Define the coordinates for each state

coords_NSW <- as.data.frame(c(140.9993, -37.50503, 153.6299, -28.15703 ),c("xmin","ymin","xmax","ymax"))
coords_VIC <- as.data.frame(c(140.9617, -39.13396, 149.9763, -33.99605 ),c("xmin","ymin","xmax","ymax"))
coords_QLD <- as.data.frame(c(137.9943, -29.17719, 153.5522, -9.229287 ),c("xmin","ymin","xmax","ymax"))
coords_SA <- as.data.frame(c(129.0013, -38.06, 141.003, -25.99638 ),c("xmin","ymin","xmax","ymax"))
coords_WA <- as.data.frame(c(112.9211, -35.12228, 129.0019, -13.74142 ),c("xmin","ymin","xmax","ymax"))
coords_TAS <- as.data.frame(c(143.8353, -43.63203, 148.4472, -39.45196 ),c("xmin","ymin","xmax","ymax"))
coords_NT <- as.data.frame(c(129.0005, -25.99862, 137.9991, -10.97392 ),c("xmin","ymin","xmax","ymax"))
coords_ACT <- as.data.frame(c(148.7628, -148.7628, 149.3972, -35.12442 ),c("xmin","ymin","xmax","ymax"))
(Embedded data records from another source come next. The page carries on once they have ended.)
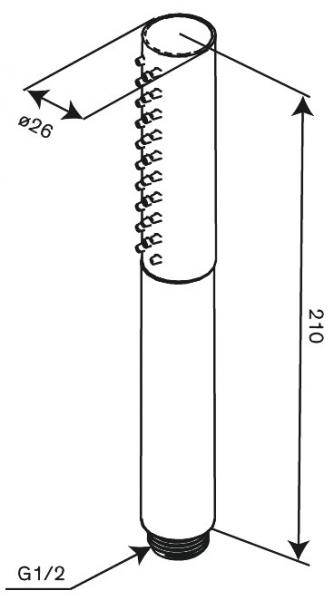 Damixa Iris håndbruser 3 sprays - Børstet grafitgrå Damixa Iris håndbruser 3 sprays - Børstet grafitgrå
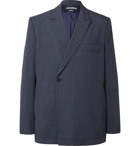 Jacquemus - Moulin Double-Breasted Wool-Blend Blazer - Blue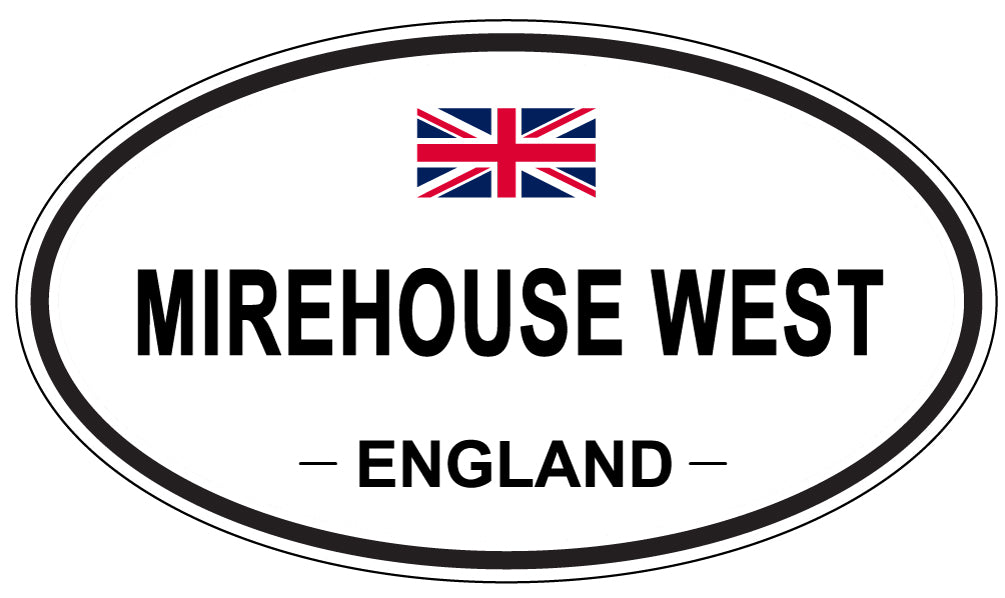 MIREHOUSE WEST, England - Oval Magnet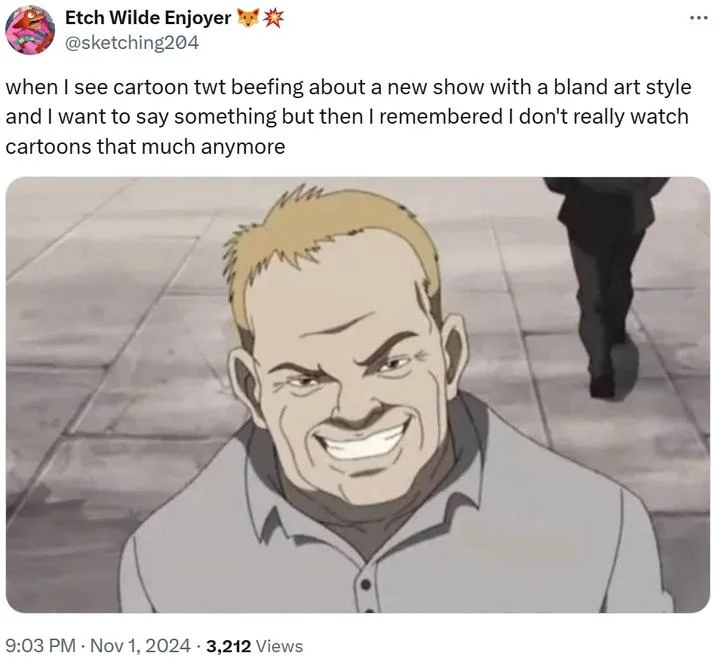Wait A Minute Im White — Twitter post about avoiding disliked topics.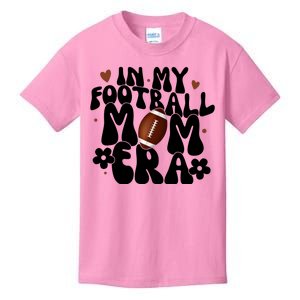 In My Football Mom Era Hearts Kids T-Shirt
Update the location information dataframe with states

account_loc_inf$states <- NA

account_loc_inf$states <- coords_state(coords_NSW, account_loc_inf, "NSW")
account_loc_inf$states <- coords_state(coords_VIC, account_loc_inf, "VIC")
account_loc_inf$states <- coords_state(coords_QLD, account_loc_inf, "QLD")
account_loc_inf$states <- coords_state(coords_SA, account_loc_inf, "SA")
account_loc_inf$states <- coords_state(coords_WA, account_loc_inf, "WA")
account_loc_inf$states <- coords_state(coords_TAS, account_loc_inf, "TAS")
account_loc_inf$states <- coords_state(coords_NT, account_loc_inf, "NT")
account_loc_inf$states <- coords_state(coords_ACT, account_loc_inf, "ACT")

head(account_loc_inf)

Make a bar plot to display the location distribution of customers

#### Create a dataframe with the number of cusomters in each state
state_freq_df <- as.data.frame(table(account_loc_inf$states))

#### Make a bar plot 
barplot(state_freq_df$Freq, names.arg = state_freq_df$Var1,
        cex.names = 0.6,
        xlab = "States", ylab = "The number of customers",
        main = "The Number of Cusotmers in Each State"
        )

As the plot shown above, most of customers are from Victoria and New South Wales states.